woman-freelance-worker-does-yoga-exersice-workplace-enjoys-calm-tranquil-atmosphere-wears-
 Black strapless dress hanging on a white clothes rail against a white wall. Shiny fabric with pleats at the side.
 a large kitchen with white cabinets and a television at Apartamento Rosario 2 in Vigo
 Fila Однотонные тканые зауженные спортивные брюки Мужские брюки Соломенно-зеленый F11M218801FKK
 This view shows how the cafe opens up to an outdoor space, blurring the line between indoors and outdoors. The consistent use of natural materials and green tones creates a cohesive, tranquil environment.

* * *

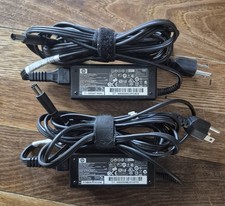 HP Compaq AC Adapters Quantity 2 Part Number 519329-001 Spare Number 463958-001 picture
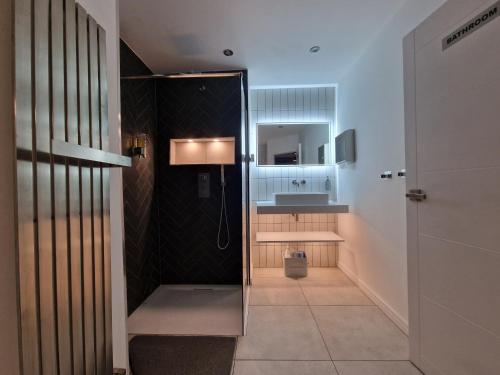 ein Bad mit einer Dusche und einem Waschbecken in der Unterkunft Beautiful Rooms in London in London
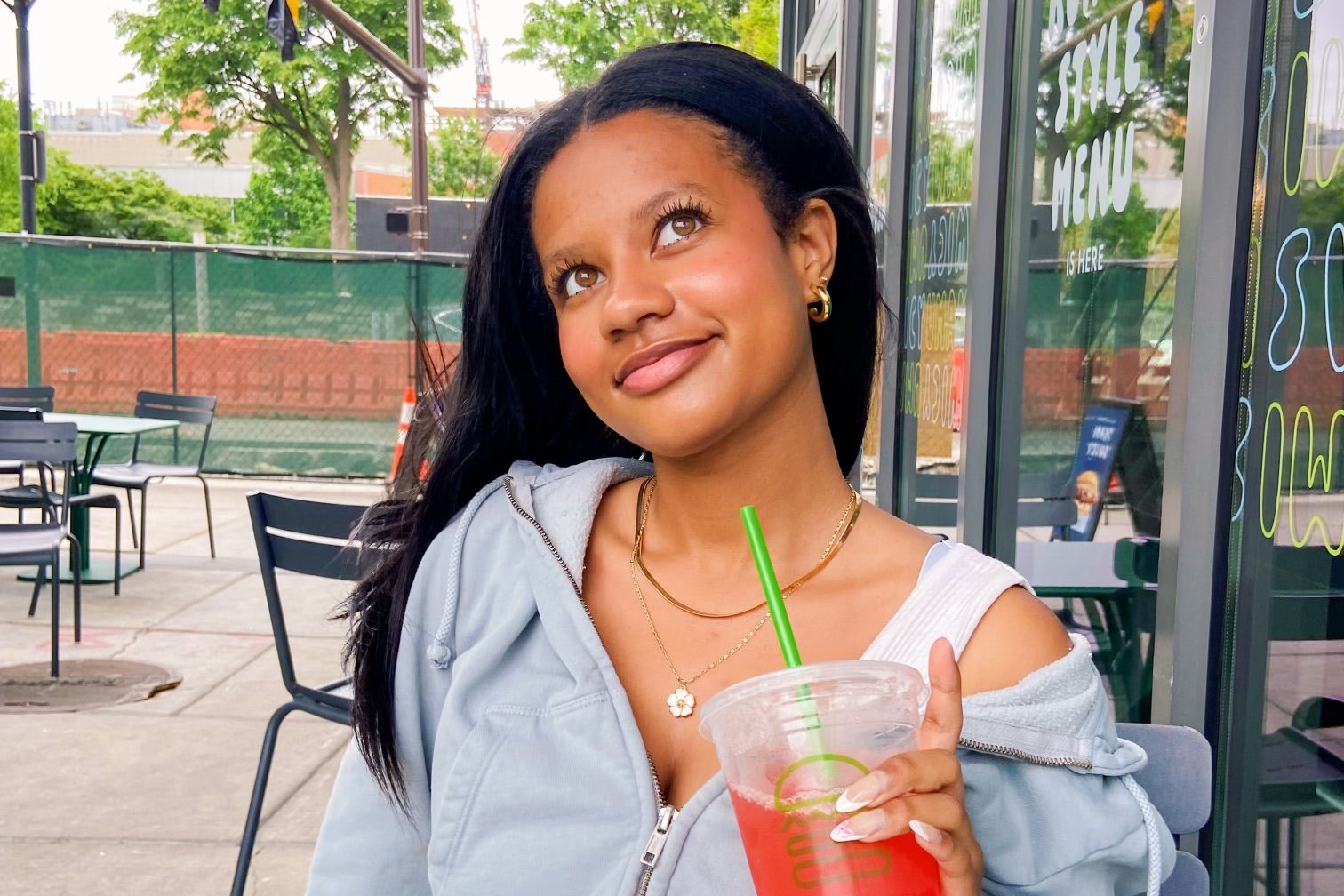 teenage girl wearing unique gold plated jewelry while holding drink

--

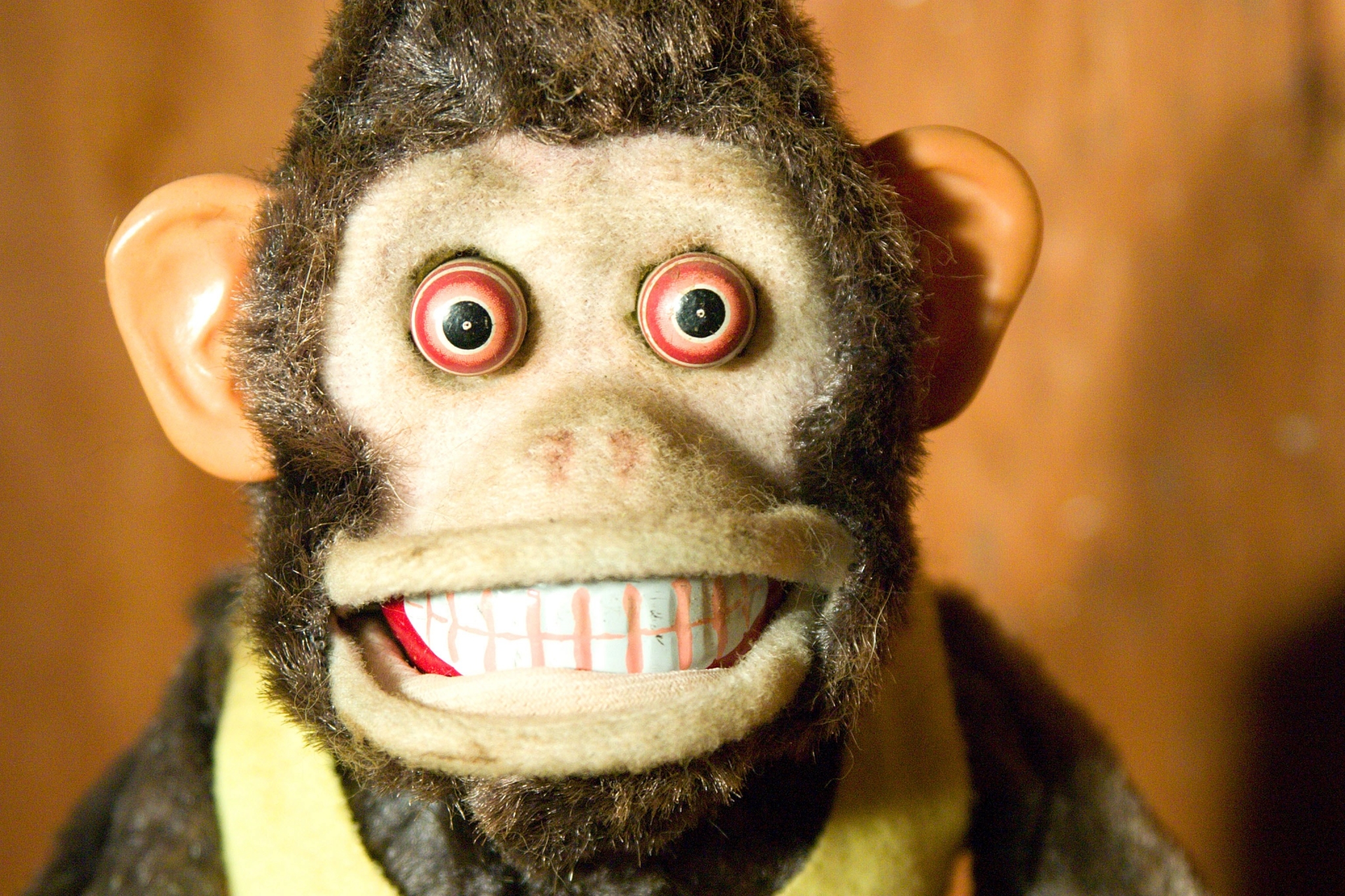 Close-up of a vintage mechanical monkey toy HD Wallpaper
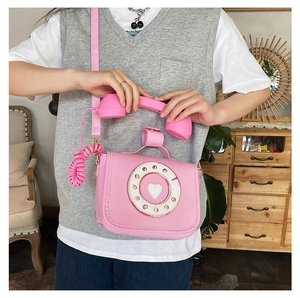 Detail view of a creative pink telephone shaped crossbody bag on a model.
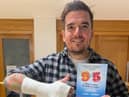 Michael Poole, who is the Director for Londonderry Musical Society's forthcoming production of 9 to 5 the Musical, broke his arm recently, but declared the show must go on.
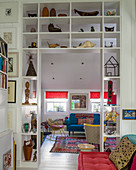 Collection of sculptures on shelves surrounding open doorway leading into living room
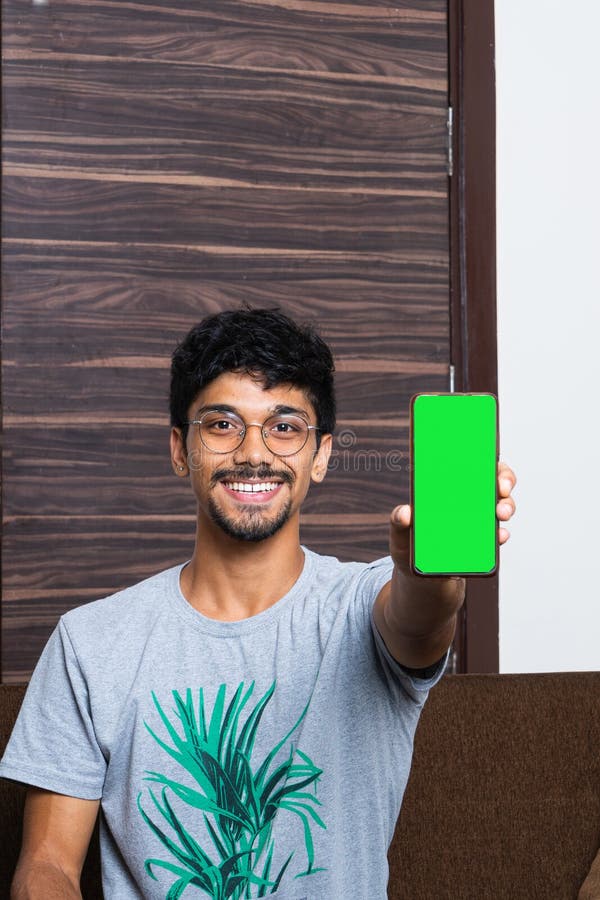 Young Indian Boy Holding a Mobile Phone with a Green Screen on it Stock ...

• [ACTIVITY]:
Please repeat, exactly as written, the lines in the records above, starting with the one that has "ein Bad mit" and going on through the one that has "teenage girl wearing". Pictures are to be left out.

• [OUTPUT]:
 ein Bad mit einer Dusche und einem Waschbecken in der Unterkunft Beautiful Rooms in London in London
 teenage girl wearing unique gold plated jewelry while holding drink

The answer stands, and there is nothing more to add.